Я это думала написать в день декабристов, но тогда не стала, а сейчас захотела. Дело в том, что мой самый любимый декабрист – Иван Иванович Пущин. И даже не только самый любимый декабрист, а и один из самых любимых и уважаемых вообще людей, когда-то живших по правде («по правде» во всех смыслах – и «взаправду», и «честно, достойно»). Я его полюбила еще с читанной в детстве книги «В садах лицея». Впрочем, там все лицеисты описаны Львом Владимировичем Рубинштейном так, что их невозможно не полюбить, - и Кюхля, и Дельвиг, и даже противный маленький Корф, выросший в на редкость противного взрослого большого человека.
Пущин – настолько порядочный, деликатный и скромный человек (еще и героический при этом), что не полюбить его, по-моему, нельзя, и не восхищаться им нельзя.

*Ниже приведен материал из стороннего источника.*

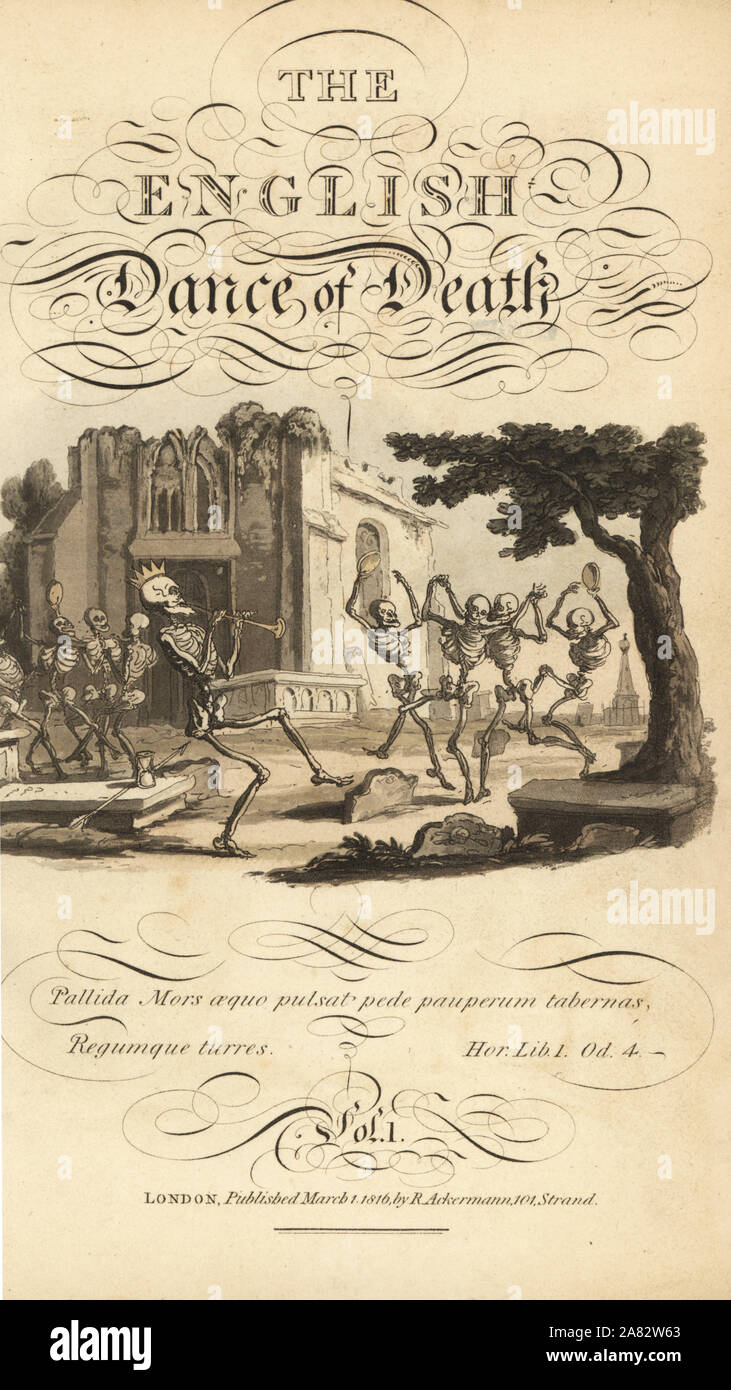 Titolo calligrafico e vignette di scheletri danza con tamburelli e corna in un cimitero vicino a una chiesa in rovina. Copperplate Handcolored disegnato e inciso da Thomas Rowlandson dall'inglese Danza della morte, Ackermann, Londra, 1816. Foto Stock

И они с Пушкиным – настоящие верные друзья. И есть всем известная история о том, как Пущин приехал к Пушкину в ссылку. Сюрпризом (впрочем, не сюрпризом тут было невозможно).

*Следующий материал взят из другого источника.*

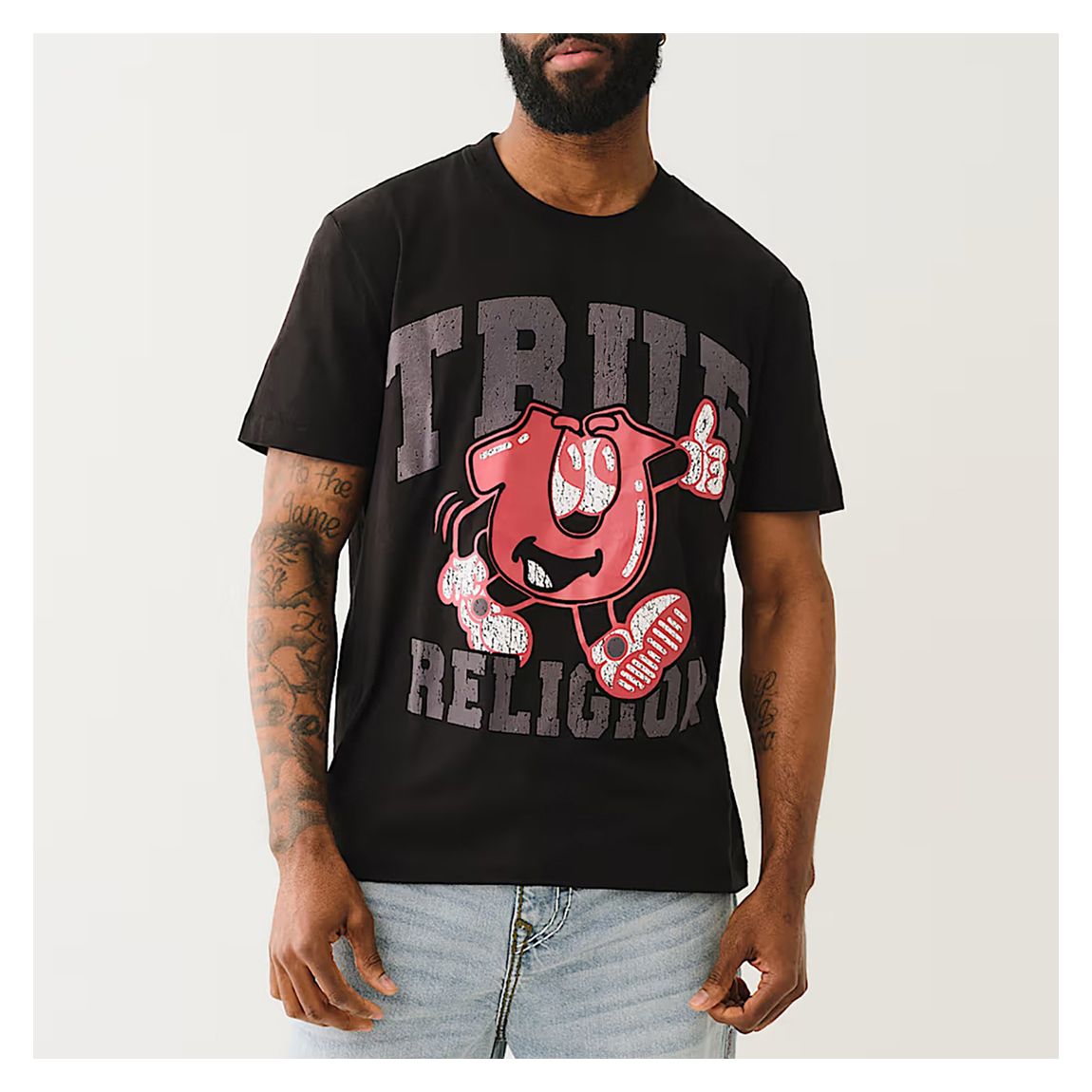 Black Crackle Print Graphic Cotton T-Shirt main product photo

Недавно перечитывала – просто так, захотелось, - книгу Натана Эйдельмана «Пушкин и декабристы». Она такая… кому-то, наверное, покажется скучноватой, а то и скучной, потому что написана в суховато-академичном духе, немножко так запылившимся справочником пахнет, и даже странно, что не называется как-нибудь вроде «К вопросу о…» Но я люблю. И вот, там есть глава, посвященная как раз тому приезду Пущина в Михайловское 11 января 1825 года. Я ее и процитирую.
«В записках, созданных после возвращения из Сибири, Пущин употребляет привычное автобиографическое понятие - «изгнание»: «Я узнал, что Пушкин в изгнании».
Вольный друг собирается к ссыльному перед тем, как сам пойдет в тридцатилетнее изгнание.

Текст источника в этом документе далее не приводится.